Are you really this dumb? Opposing use of torture makes you “pro-terrorist”? No wonder you’re a diehard Bush guy, it’s good to see what the few remaining ones look like.

I was just playing on your own stupidity. Sorry for going so far over your head. I’ll know to aim lower next time.

[/quote]

Sure you were. It sounded a little too similar to your usual unhinged rhetoric.

Colonel Stuart Herrington: Two problems with torture

"Persuasive? I’d always thought so, and it certainly worked for us in contingency after contingency in Asia, Latin America and the Middle East. But when I explained these immutable principles to an auditorium of young Army interrogators last year, one reaction puzzled me. “Sir,” a young soldier queried, “that ‘tender-loving-care approach’ sounds all well and good, but it takes time. What do we do when the chain of command sends out a requirement and says they need the information by the end of the day, and that thousands of lives may depend upon it?”

The very question tells us that intelligence professionals have failed to educate their commanders that detainee interrogation is not like a water spigot. “Give the inquisitors the freedom to push the envelope of brutality and good information will follow” seems to have become the watchword since 9-11.

It also tells us that our young soldiers take away lessons from today’s pop culture. Self-styled “experts” on interrogation frequently cite the “ticking bomb scenario” (featured on shows like “24”) to justify the Jack Bauer-like tormenting of a prisoner. According to this construct, it is necessary and acceptable to torture in the name of saving an American city from “the next 9-11.” This has a magnetic appeal to legions of Americans, among them future soldiers.

But the so-called ticking time bomb scenario is a Hollywood construct that I never encountered in my 30-year career."

http://www.post-gazette.com/pg/07294/826876-35.stm#

But according to Zap Branigan, he’s obviously just trying to ease his guilty conscience.

[quote]GDollars37 wrote:
Colonel Stuart Herrington: Two problems with torture

"Persuasive? I’d always thought so, and it certainly worked for us in contingency after contingency in Asia, Latin America and the Middle East. But when I explained these immutable principles to an auditorium of young Army interrogators last year, one reaction puzzled me. “Sir,” a young soldier queried, “that ‘tender-loving-care approach’ sounds all well and good, but it takes time. What do we do when the chain of command sends out a requirement and says they need the information by the end of the day, and that thousands of lives may depend upon it?”
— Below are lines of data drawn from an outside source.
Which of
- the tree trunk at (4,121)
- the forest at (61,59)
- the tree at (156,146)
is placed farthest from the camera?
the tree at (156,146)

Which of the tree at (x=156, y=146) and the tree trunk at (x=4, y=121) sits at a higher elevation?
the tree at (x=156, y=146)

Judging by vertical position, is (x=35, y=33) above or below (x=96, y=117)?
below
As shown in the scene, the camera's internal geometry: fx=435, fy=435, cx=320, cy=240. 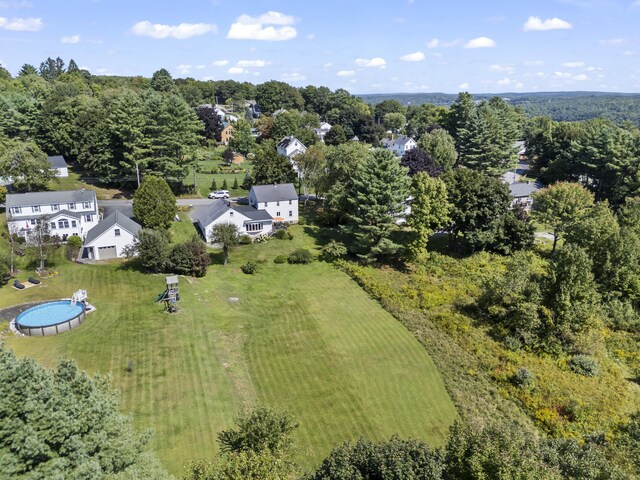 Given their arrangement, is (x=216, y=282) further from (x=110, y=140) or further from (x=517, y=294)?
(x=110, y=140)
The very question tells us that intelligence professionals have failed to educate their commanders that detainee interrogation is not like a water spigot. “Give the inquisitors the freedom to push the envelope of brutality and good information will follow” seems to have become the watchword since 9-11.
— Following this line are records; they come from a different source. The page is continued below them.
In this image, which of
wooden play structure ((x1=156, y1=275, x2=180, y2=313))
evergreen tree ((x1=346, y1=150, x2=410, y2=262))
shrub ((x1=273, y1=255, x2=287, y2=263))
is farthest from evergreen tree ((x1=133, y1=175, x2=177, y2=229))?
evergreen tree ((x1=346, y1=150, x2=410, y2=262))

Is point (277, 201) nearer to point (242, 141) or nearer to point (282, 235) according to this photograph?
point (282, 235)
It also tells us that our young soldiers take away lessons from today’s pop culture. Self-styled “experts” on interrogation frequently cite the “ticking bomb scenario” (featured on shows like “24”) to justify the Jack Bauer-like tormenting of a prisoner. According to this construct, it is necessary and acceptable to torture in the name of saving an American city from “the next 9-11.” This has a magnetic appeal to legions of Americans, among them future soldiers.

But the so-called ticking time bomb scenario is a Hollywood construct that I never encountered in my 30-year career."
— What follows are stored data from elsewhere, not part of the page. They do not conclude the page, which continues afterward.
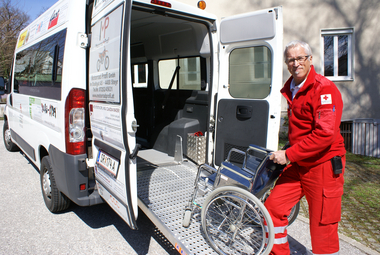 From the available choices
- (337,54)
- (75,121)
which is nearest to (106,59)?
(75,121)

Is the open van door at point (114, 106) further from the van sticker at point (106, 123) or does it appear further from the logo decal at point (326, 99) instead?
the logo decal at point (326, 99)

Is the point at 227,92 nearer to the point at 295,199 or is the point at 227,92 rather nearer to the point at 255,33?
the point at 255,33

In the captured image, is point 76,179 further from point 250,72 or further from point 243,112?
point 250,72

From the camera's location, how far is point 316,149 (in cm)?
197

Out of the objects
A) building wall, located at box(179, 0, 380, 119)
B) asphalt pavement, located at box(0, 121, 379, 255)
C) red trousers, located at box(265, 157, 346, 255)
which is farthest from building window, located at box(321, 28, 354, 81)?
red trousers, located at box(265, 157, 346, 255)

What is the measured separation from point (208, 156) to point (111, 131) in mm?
1578

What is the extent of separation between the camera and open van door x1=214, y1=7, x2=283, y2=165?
2975 millimetres

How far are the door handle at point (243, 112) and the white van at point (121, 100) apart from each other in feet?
0.05

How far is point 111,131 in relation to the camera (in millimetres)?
2639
http://www.post-gazette.com/pg/07294/826876-35.stm#

But according to Zap Branigan, he’s obviously just trying to ease his guilty conscience.[/quote]

This is laughable. He obviously means that waterboarding should not be the first thing attempted and other tactics should be used at first. Dealing with fanatics like some in AQ that will NEVER cooperate waterboarding should be an acceptable technique.

The ticking timebomb scenario is ridiculous. AQ is a ticking time bomb. If we do not break up their cells they WILL murder people. It may not be today. They may wait a year but they will do it.

There has been ZERO evidence presented that waterboarding does not work and yet there are many people claiming it does not. You have no possible way to know this and yet you are speaking as an authority. Sad yet funny.